Elections with global impact:

United States: It should come as no surprise that the Presidential and Congressional elections in the US are some of the most highly observed in the world. On November 8, 2024, the results of US elections will affect the world and the direction of many conflicts, negotiations, business dealings, the future state of the climate, and more. Conflicts like the war in Ukraine and war in Gaza will have profound impacts depending on who wins the 2024 election. Relationships with traditional allies could also be strained by a possible second Trump presidency, along with the US’ credibility and perception as a reliable partner has already been damaged, and of course in an increasingly polarized and militarized world there is the possibility of either candidate inflaming tensions with different adversarial states. The US elections will have profound impacts on the future of the international system. We will have to wait and see whether it will be a continuation of the current administration’s policies or a return to Trumpism.

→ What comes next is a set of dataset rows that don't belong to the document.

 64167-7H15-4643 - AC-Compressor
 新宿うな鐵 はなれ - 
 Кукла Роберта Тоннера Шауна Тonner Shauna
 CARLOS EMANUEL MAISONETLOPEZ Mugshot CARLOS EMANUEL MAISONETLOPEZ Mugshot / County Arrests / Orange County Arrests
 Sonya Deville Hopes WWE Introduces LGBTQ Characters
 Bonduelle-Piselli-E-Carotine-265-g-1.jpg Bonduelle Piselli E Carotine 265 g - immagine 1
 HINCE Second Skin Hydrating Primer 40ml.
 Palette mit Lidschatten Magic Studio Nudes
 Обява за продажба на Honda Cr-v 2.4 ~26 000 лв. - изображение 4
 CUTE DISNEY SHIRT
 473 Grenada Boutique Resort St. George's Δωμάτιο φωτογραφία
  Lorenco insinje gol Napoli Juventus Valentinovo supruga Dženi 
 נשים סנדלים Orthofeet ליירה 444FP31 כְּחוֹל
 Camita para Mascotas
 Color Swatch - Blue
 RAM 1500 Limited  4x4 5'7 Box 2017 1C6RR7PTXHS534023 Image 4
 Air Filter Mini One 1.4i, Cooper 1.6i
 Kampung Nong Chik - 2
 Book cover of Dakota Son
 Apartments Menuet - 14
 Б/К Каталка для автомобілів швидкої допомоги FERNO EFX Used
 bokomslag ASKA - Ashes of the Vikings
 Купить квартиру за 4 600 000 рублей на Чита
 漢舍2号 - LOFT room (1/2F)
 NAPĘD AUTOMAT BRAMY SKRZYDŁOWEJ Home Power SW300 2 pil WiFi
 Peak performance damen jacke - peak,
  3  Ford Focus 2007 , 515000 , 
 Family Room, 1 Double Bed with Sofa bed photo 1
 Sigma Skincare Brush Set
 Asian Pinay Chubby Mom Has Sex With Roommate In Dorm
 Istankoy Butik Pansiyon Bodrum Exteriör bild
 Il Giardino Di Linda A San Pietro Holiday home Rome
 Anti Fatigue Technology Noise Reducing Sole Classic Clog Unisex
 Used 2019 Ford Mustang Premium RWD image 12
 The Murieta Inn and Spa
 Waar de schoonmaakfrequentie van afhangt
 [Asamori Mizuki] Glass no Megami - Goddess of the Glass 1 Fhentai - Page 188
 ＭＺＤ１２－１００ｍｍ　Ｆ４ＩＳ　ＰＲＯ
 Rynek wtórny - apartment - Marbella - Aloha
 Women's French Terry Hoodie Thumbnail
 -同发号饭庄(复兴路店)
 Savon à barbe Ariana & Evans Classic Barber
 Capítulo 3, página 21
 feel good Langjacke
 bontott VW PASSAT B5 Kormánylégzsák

India: In India, which is often called the world’s largest experiment in democracy, voters are expected to head to the polls at a still undisclosed date between April-May 2024. India which has a population of over 1.4 billion is likely to see a majority of its voters reelect Prime Minister Narendra Modi to secure a rare third term in power. Prime Minister Narendra Modi has been accused of enabling democratic backsliding since 2016. Modi throughout his tenure in office has been accused of cracking down on opponents, restricting press freedom and persecuting the country’s Muslim and other ethnic and religious minorities. Facing off against Modi is a newly formed alliance of 26 political parties known as INDIA, which includes the country’s main opposition, the Indian National Congress.

EU Elections:  Far-right parties are becoming increasingly dominant in national settings across many EU capitals. The June 2024 European Parliament elections will likely see a major shift to the right in many countries, with populist radical right parties gaining votes across the EU. Many center-left and green parties will likely lose votes and seats. Anti-European Union populists are likely to top the polls in nine member states (Austria, Belgium, the Czech Republic, France, Hungary, Italy, the Netherlands, Poland, and Slovakia). Much of the shift to the right can be attributed to rising anti-immigrant sentiment across the continent. EU elections will shape the bloc’s approach to climate policy, aid to Ukraine, and the bloc’s ability to work and stay united.

Russia: On Friday March 15, 2024, Russia will hold its presidential elections, yet of course, there is already little doubt as to who will emerge the winner from these elections. The upcoming Russian elections are more of a spectacle than serious competition for the future of the country. It’s likely Russia’s current policies will continue on in another Putin administration. Vladimir Putin, should he win again, and serve a full six year term, will have been in power for 30 years total. This will be longer than any Russian or Soviet leader since Tsar Peter the Great (who died in 1721). Until recently, Russia’s constitution forbade more than two consecutive six year presidential terms. Though this is a constitutional rule that appears not to apply to the current occupant of the Kremlin. Putin’s main rival, opposition leader Alexei Navalny mysteriously died in prison late last week. Another of Russia’s presidential hopefuls, Boris Nadezhdin, has said his bid to run in elections in March has been blocked. Nadezhdin, is a prominent critic of the war in Ukraine and is not thought to be a likely challenger to unseat Putin.


Democracy, the value and idea that human beings have the right to choose their own leaders is a much newer concept than many of us realize. Only about half of the world’s countries are electoral democracies, meaning that they hold free and fair multi-party elections. Of those countries, just 14 have been democracies for 100 or more years. The upcoming elections globally will present to us whether democracy can continue to endure through the current rise of extremism, violence, and polarization globally. Democracies often fall short of their promised ideals, but it is thus far in human history the only system that allows us a voice and the ability to learn and do better if we choose to do so.